**Data under study:**
== Segment start ==

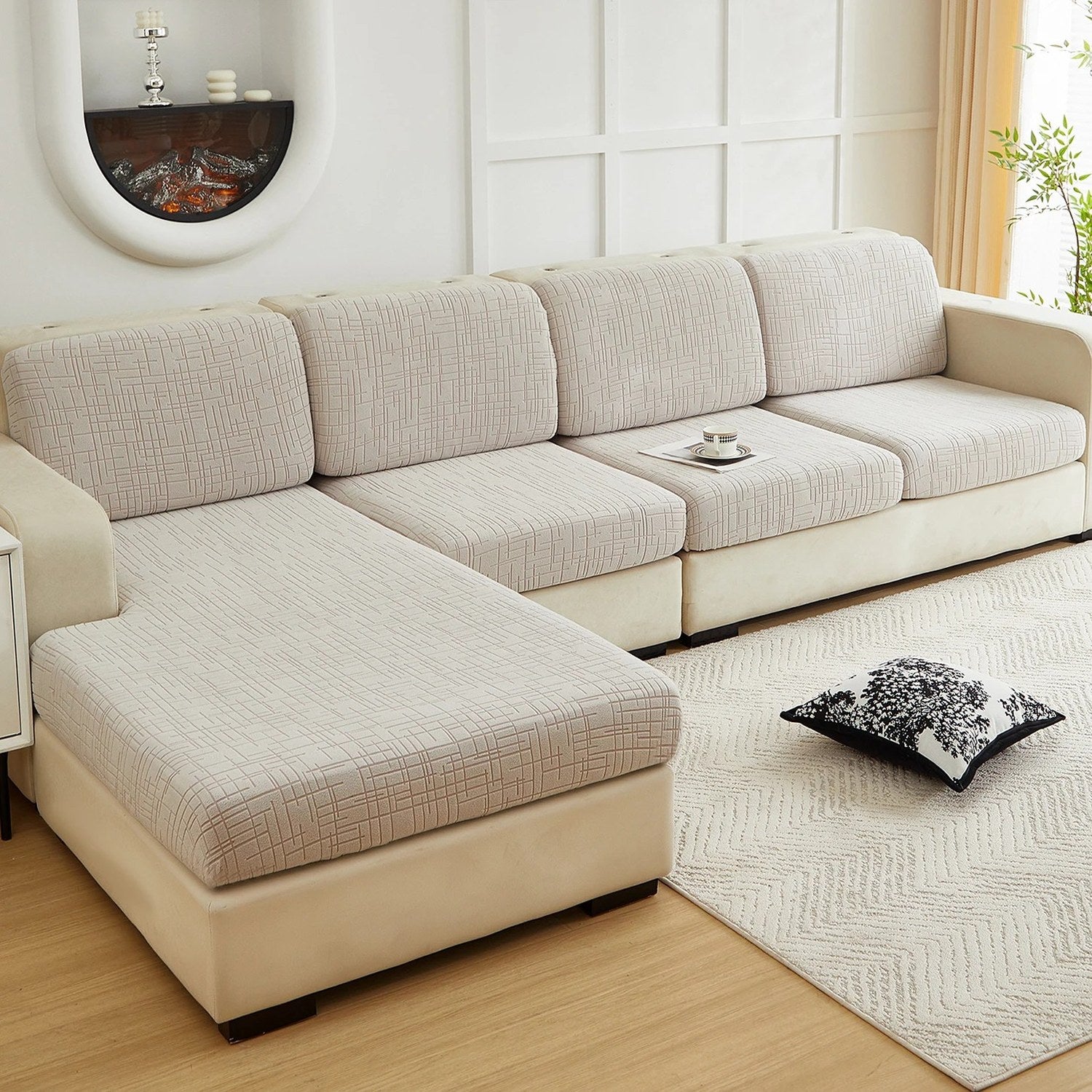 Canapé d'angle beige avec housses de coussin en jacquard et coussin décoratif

== Segment end ==
== Segment start ==

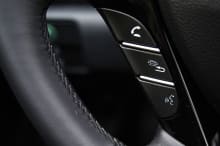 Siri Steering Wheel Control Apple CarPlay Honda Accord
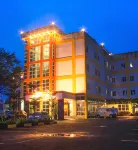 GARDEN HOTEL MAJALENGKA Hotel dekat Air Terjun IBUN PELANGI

== Segment end ==
== Segment start ==

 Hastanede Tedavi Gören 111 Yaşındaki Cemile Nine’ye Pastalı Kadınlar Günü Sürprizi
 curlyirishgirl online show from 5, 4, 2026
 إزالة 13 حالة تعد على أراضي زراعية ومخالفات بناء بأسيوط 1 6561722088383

== Segment end ==

**Exercise requirements:** Only the lines above starting with the one with "Hastanede Tedavi Gören" and going through the one with "إزالة 13 حالة" are to be copied, word for word and with both ends kept.

**Completed task:**
 Hastanede Tedavi Gören 111 Yaşındaki Cemile Nine’ye Pastalı Kadınlar Günü Sürprizi
 curlyirishgirl online show from 5, 4, 2026
 إزالة 13 حالة تعد على أراضي زراعية ومخالفات بناء بأسيوط 1 6561722088383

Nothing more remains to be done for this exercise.